Fitch's view of Generali's capitalisation is driven by the group's score under Fitch's Prism Factor Based Model (Prism FBM). Generali's Prism FBM score was 'Very Strong' based on end-2017 financials, in line with 2016's. Its consolidated Solvency II regulatory ratio, calculated according to the group's partial internal model, improved to 207% at end-2017 (2016: 178%). The ratio remains exposed to volatility in sovereign bond markets, especially Italian sovereign bonds spreads.

Generali's Fitch-calculated financial leverage ratio (FLR) improved to 31% at end-2017 (2016: 33%), following the repayment of debt maturing in 2017. Fitch views Generali's financial leverage as high for the ratings. However, we expect the FLR will further improve in 2018 and 2019 as the group's planned debt maturities will likely exceed refinancing over the same period.

Generali's fixed-charge coverage (FCC) ratio, including unrealised and realised gains and losses, was strong at 6.9x in 2017, up from 5.4x in 2016. A decline in the stock of subordinated debt over 2017 drove interest expenses lower. We expect the FCC ratio to improve further as the group deleverages and refinances debt at lower coupons. Generali also has very strong financial flexibility, as demonstrated, for example, by pre-funding activities carried out during the past four years.

Generali's operating performance remained strong in 2017. The non-life combined ratio reported by the group stood at 92.8% in 2017 (2016: 92.3%), which Fitch views as very strong. Its operating profit also increased to EUR4,895 million in 2017 (2016: EUR4,783 million).
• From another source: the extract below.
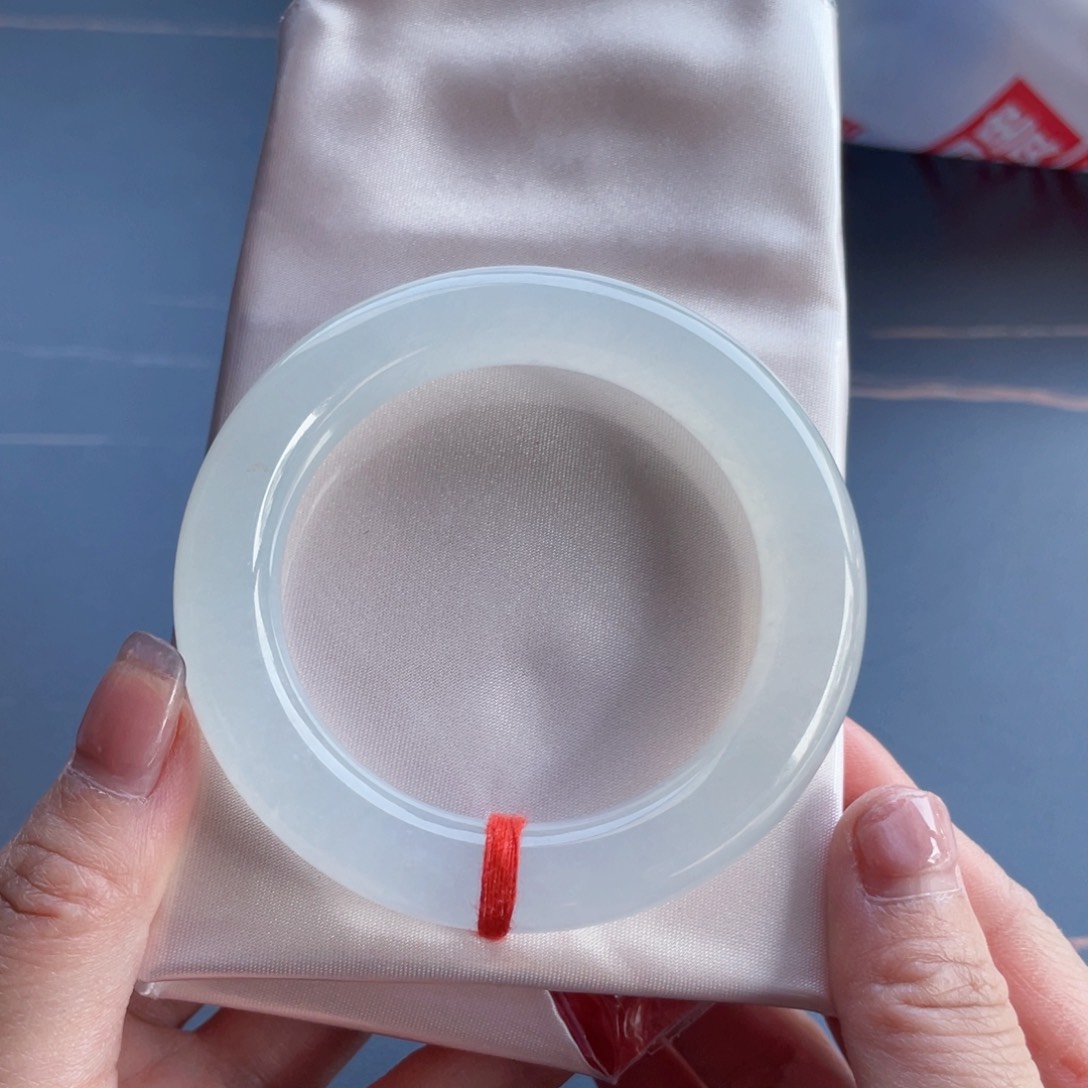 翡翠未镶嵌手镯54冰圆条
Generali's 2013-2017 average return on equity as calculated by Fitch was 9%, a level that we view as commensurate with Generali's ratings. We expect Generali to improve its earnings through cost efficiencies, better underwriting margins and optimisation of its geographical and business mix, despite persistent low interest rates.
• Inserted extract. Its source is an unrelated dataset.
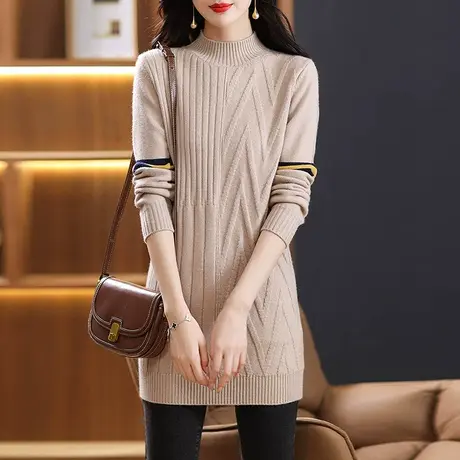 2023秋冬新款半高领中长款毛衣打底裙大码装宽松针织衫内搭打底衫图片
Low Interest rates are a key risk for Generali's life business, as the majority of in-force life reserves carry financial guarantees. However, Generali's balance sheet is well-shielded from interest-rate movements, as the duration gap between its assets and liabilities is close to zero. Generali put into run-off its largest German life entity, Generali Leben, in 1Q18, as part of the restructuring of its German operations. We view this move as positive for asset and liability management, as Generali will have more flexibility to manage the policyholders' guarantees attached to Generali Leben's life liabilities.